As shameful as it may be for me to say this, but...I sometimes watch 'Reality' television shows.
I try to 'clean this up' a bit by watching the more 'classy' shows, like Bravo's Top Chef and Project Runway, etc. But yes, well...
While waiting for the new season Project Runway, I've been watching Bravo's fashion knock off show, "The Fashion Show" with Isaac Mizrahi and Kelly Rowland.
A recent show started an interesting discussion at our house. Contestants were first quizzed on various fashion icons from the past, then asked to create a complete look inspired by a signature piece based on these icons.
Others here in our version of the Big Brother house objected to this. "They're there to be designer, to create something new! Who cares if they know these people from the past!" While I agreed that the challenge was biased toward those who had gone to design school where one formally learns about such things, and also thought that it was wrong to give some contestants in the first challenge multiple choice but not do the same for others -- and, I confess, I'd JUST finished reading Nina Garcia's Little Black Book of Style (...umm....don't ask!:) or else I wouldn't have known some of the answers either -- I understand exactly this challenge was coming from.
As a writer, I think it is very important for artists and creative people to know where their particular genre came from, who the major figures from its past are, and how have they influenced what we see, read, and hear now. It always saddens me to talk to younger writers and ask "Who are your favorite poets" and hear "Oh, I don't read other writers - I don't want to get influenced by them." And I don't think I'm the only one who has run into this response.

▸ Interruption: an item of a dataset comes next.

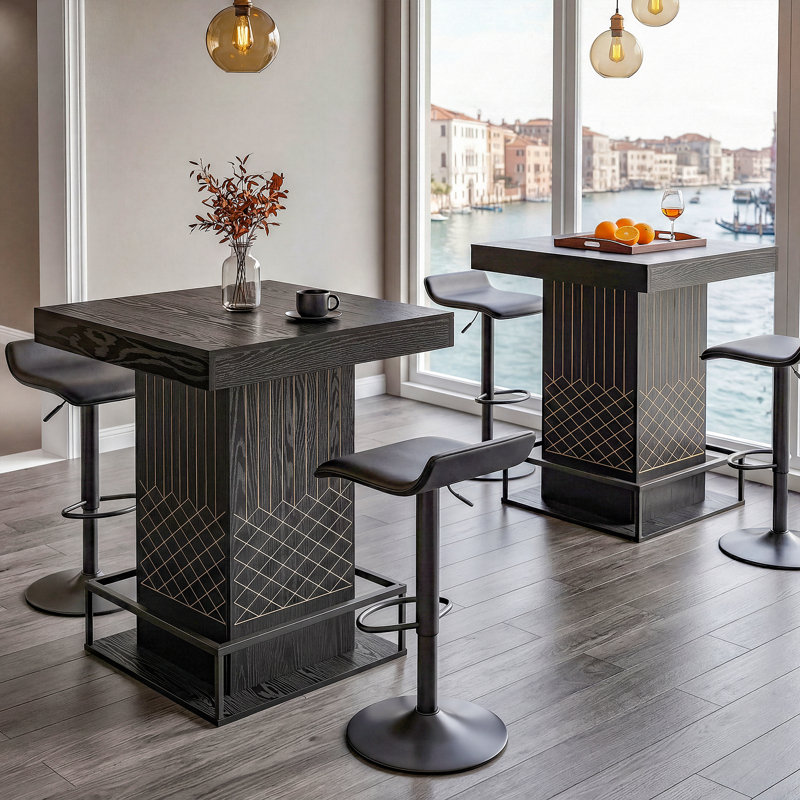 Table de bar moderne carrée noire avec piédestal incrusté d'or, table de pub à hauteur de comptoir avec finition grain de bois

ALL of us are influenced by the past. While we think we're being "New" and inventing something never seen before, more often than not we are simply recreating a pale imitation of something or someone who has gone before us. All of us can learn a great deal from past masters, about how they solved problems and achieved their goals, and often looking at the past can be a guide or road map for how to proceed in your own work and career.

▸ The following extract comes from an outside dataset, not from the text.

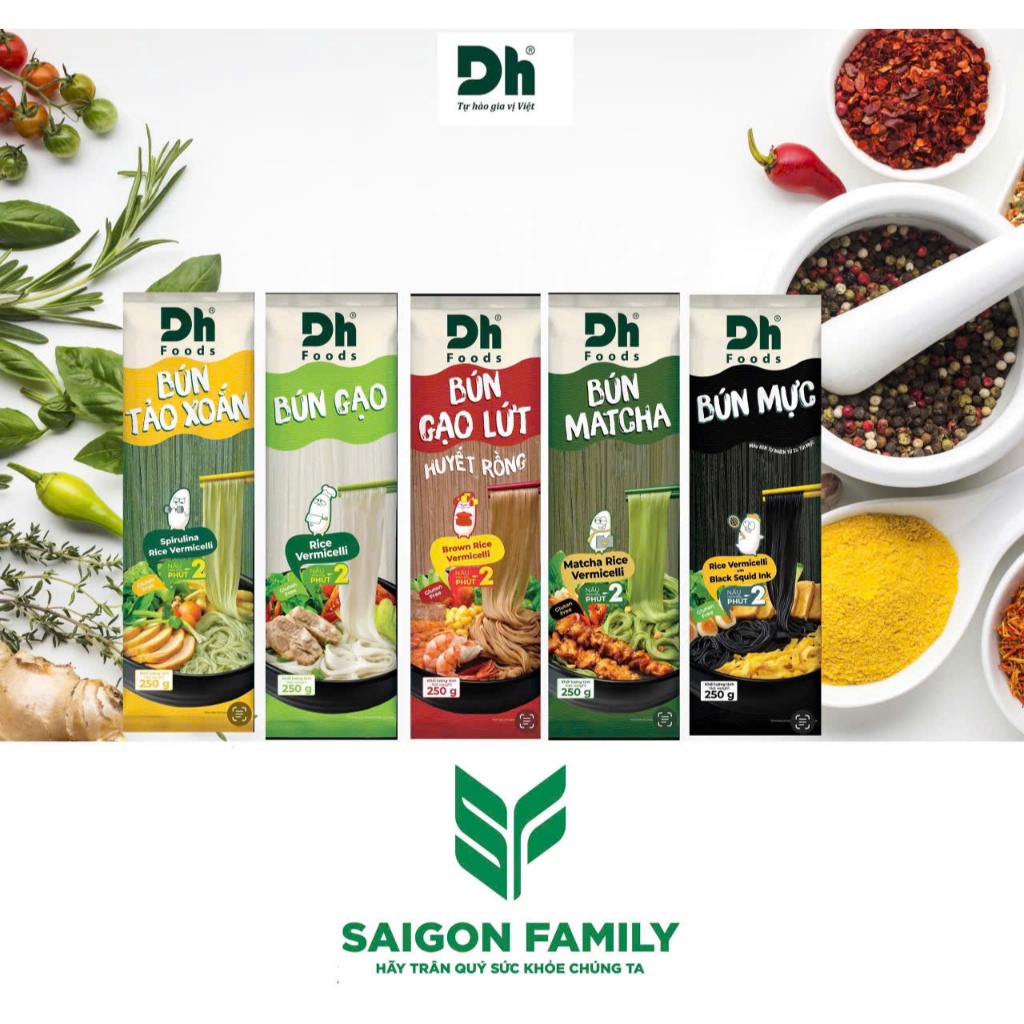 [COMBO 6] Bún 250gr- DH FOODS/ Mì SPAGHETTI 250gr- DH FOODS - New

Finally, it's always good to know that your field doesn't begin (or end) with you. We are part of a continuum, joining in a procession of creative people who went before us, giving insight and support to those who will follow us.
In the end, The Fashion Show judges had to choose between two people to eliminate: someone who knew the work of the past designer they had been assigned, but got it wrong by using incorrect materials and going her own way; or someone who DIDN'T know the history, and created a garment that, because of that, looked very little like something their designer from the past would have done. They (rightly to my mind) decided to let the person who 'knew' go, keeping the one who 'didn't know.' It is never too late to look back, educate yourself and improve.